Mais oui, c’est comme je dis. Que cet appartement de poupée m’amuse déjà ! Un embryon d’antichambre précède une amorce de cabinet de travail ; la chambre-à-coucher-salon… causoir atteint seule des proportions normales.
Comme deux chattes dépaysées, nous avançons pas à pas, retenues à chaque meuble, à chaque cadre… Trop de parfums, trop de parfums…
— Regardez, Claudine, l’aquarium de la cheminée…
— Et les poissons à trois queues…
— Oh ! en voilà un qui a les nageoires comme des volants en forme ! Ça, c’est un brûle-parfums ?
— Non, un encrier, je crois… ou une tasse à café… ou autre chose.

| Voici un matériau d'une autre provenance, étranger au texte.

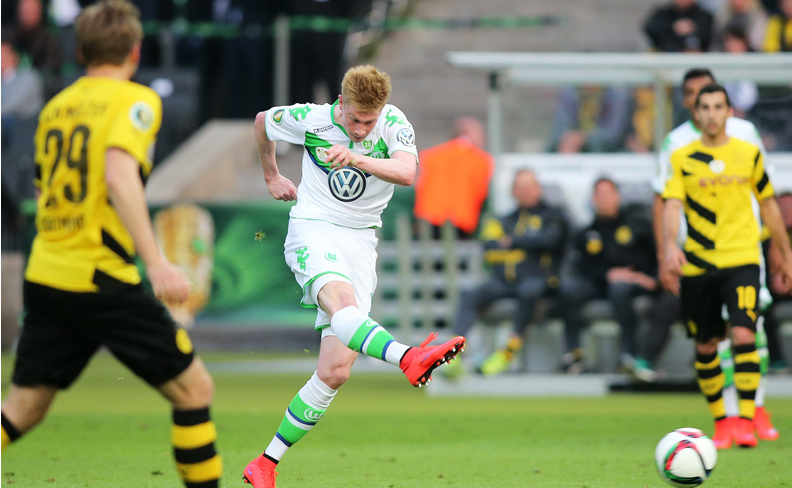 更能化解不 更能化解不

— La belle étoffe ancienne, chérie ! on en ferait des revers délicieux pour une veste de demi-saison… Cette petite déesse charmante qui tient ses bras croisés…
— C’est un petit dieu…
— Mais non, Claudine !
— On ne voit pas bien, il y a une draperie. Aïe ! ne vous asseyez pas, comme j’ai fait, Rézi, sur le bras de ce fauteuil anglais et vert !…
— C’est vrai. Quelle idée baroque, ces espèces de lances en bois verni ! Il y a de quoi s’empaler !
— Chut, Rézi, ne parlons pas de pal dans la maison de Marcel.
— Oh ! Venez vite voir, mon petit pâtre !
(Je n’aime pas qu’elle m’appelle « mon petit pâtre », c’est un mot de mon Renaud. Ça me blesse pour elle, et surtout pour lui).
— Voir quoi ?
— Son portrait !
Je la rejoins dans le salon-chambre à couch…, etc. C’est bien le portrait de Marcel, en dame byzantine. Un pastel assez curieux, couleur hardie sur dessin mou. Des cheveux roux en roues sur les oreilles, le front lourd de joyaux, elle, il… ah ! zut ! je ne sais plus… Marcel tient loin de lui, d’un geste apprêté, un pan traînant de la robe rigide et transparente, une gaze chargée de perles, droite comme une averse et qui montre, de pli en pli, le rose de la hanche fuyante, le mollet, le genou délié. Visage aminci, yeux dédaigneux, plus bleus sous les cheveux roux, c’est bien Marcel.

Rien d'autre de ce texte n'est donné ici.